In my current project Qwiz’n’Buzz we are actively working on a discord integration as an Discord Activity. In sake of user protection, Discord uses a proxy as a middleman for requests to our services. Additionally, the Discord SDK relies on your application been integrated in a iframe provided by Discord. This brings challenges for fast local development processes.

To test the integration locally Discord suggests cloudflared to tunnel the local service to a public endpoint. Unless you are using a paid plan, the endpoint URL is ephemeral and changes between restarts. This requires you have to update the Discord Activity URL Mapping settings every time you restart the tunnel.

This is where I remembered Telepresence. Telepresence allows you to proxy a local development environment into a remote Kubernetes cluster. This enables you to test and debug services within the context of the full system without deploying the service to the cluster. This way, we can provision stable development domains and cluster infrastructure to iterate quickly on the Discord integration locally.
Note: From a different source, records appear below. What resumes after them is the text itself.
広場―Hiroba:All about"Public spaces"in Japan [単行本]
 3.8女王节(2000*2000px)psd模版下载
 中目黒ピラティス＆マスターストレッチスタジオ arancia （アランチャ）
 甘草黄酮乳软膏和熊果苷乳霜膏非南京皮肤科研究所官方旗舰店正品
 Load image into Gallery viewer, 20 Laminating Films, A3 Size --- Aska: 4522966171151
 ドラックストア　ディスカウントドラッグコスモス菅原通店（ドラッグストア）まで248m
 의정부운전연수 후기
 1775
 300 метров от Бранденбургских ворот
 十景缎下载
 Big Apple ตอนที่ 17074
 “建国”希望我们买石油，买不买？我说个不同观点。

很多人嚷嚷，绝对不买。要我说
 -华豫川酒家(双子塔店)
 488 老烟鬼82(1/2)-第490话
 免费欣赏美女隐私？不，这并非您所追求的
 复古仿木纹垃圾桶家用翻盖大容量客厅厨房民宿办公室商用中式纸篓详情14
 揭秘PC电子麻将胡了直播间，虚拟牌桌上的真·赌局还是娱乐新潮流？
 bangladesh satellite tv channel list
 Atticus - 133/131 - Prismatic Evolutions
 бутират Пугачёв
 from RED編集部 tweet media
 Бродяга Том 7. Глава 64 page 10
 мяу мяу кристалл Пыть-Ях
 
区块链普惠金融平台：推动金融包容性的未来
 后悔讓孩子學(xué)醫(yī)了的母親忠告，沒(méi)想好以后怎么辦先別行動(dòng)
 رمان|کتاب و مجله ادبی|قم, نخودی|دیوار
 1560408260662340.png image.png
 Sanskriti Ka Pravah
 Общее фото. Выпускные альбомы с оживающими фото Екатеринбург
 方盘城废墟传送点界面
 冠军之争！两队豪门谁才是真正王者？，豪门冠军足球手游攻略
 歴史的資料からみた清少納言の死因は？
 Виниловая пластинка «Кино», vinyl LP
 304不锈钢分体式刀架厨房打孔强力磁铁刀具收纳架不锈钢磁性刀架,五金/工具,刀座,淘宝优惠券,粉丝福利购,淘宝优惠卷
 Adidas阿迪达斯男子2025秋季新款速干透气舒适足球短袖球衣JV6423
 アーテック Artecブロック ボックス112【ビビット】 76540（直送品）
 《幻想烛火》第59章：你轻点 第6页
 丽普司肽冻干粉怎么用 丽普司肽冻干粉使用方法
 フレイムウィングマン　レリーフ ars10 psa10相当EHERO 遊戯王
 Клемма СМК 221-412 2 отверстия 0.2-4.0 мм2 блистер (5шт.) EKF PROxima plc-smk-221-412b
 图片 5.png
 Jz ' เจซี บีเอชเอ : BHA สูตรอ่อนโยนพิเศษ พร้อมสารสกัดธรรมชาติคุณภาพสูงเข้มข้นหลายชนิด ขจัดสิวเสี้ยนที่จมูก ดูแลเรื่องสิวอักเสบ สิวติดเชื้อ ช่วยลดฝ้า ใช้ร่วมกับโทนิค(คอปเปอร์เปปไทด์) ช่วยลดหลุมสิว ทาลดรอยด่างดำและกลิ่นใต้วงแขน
Telepresence brings two ways for redirecting traffic from a kubernetes service to your local machine. The first way replaces the service-backing pod with a Telepresence pod that forwards traffic to your local machine. The second pattern adds a sidecar container (traffic-agent) to the service-backing pod that forwards traffic to your local machine. The second pattern is the default behavior and is the one I will focusing in this post.